##### Source material #####

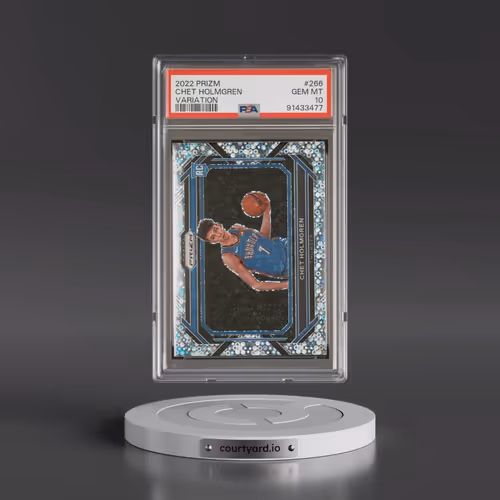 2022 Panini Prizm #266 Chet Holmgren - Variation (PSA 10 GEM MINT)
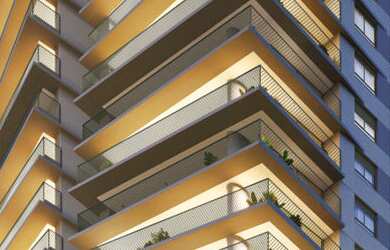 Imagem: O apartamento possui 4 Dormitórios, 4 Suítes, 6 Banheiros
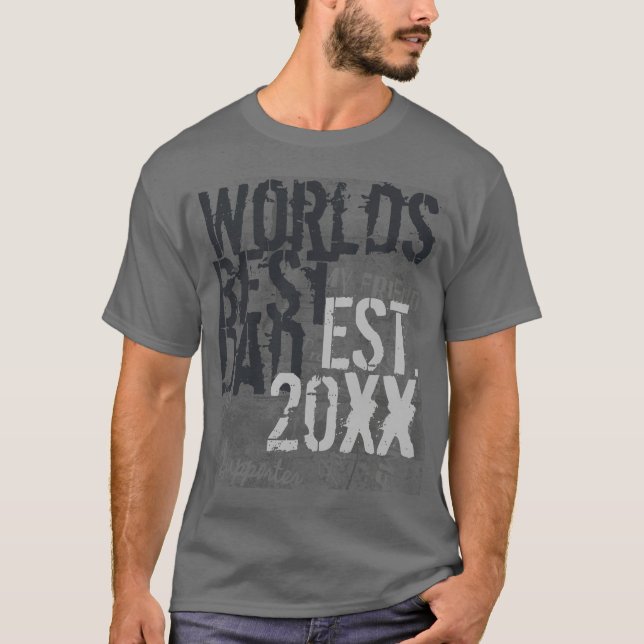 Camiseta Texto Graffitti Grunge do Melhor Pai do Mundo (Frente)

#####
##### Source material #####

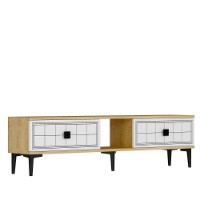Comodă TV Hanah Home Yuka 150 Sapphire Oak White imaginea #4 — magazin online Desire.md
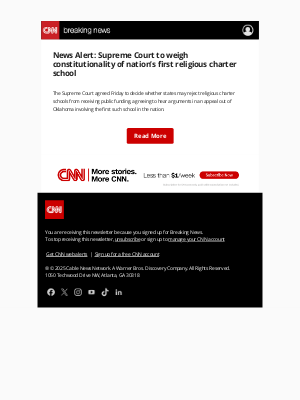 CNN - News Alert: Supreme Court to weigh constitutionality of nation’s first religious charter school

#####

◆ Aim of the exercise: What are the lines above from the one with "2022 Panini Prizm" to the one with "Camiseta Texto Graffitti", both included? Reproduce them exactly, without pictures.

◆ Answer to the problem:
 2022 Panini Prizm #266 Chet Holmgren - Variation (PSA 10 GEM MINT)
 Imagem: O apartamento possui 4 Dormitórios, 4 Suítes, 6 Banheiros
 Camiseta Texto Graffitti Grunge do Melhor Pai do Mundo (Frente)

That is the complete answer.